**DATA**:
▬▬▬
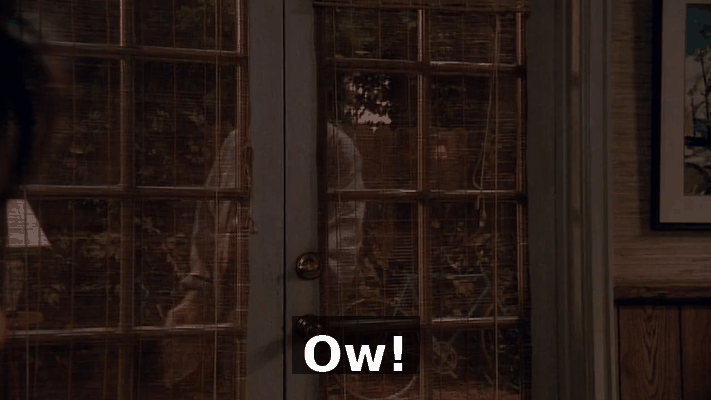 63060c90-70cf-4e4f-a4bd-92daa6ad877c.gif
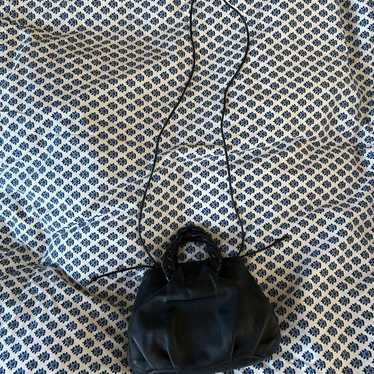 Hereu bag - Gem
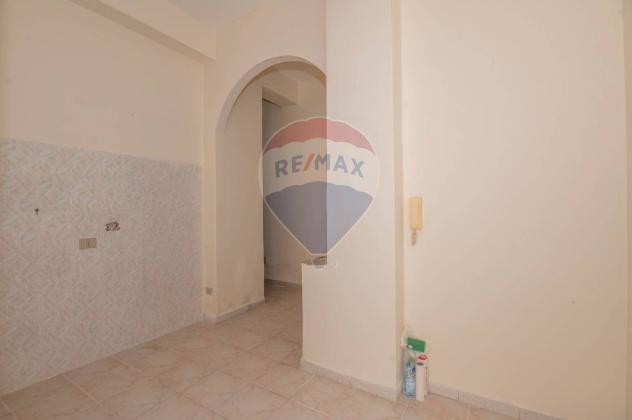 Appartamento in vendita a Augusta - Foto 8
▬▬▬
**BRIEF**:
Once the line containing "Hereu bag - Gem" is found, transcribe it and the rest of the lines to the end of the listing above exactly, omitting all pictures.

**WRITTEN ANSWER**:
 Hereu bag - Gem
 Appartamento in vendita a Augusta - Foto 8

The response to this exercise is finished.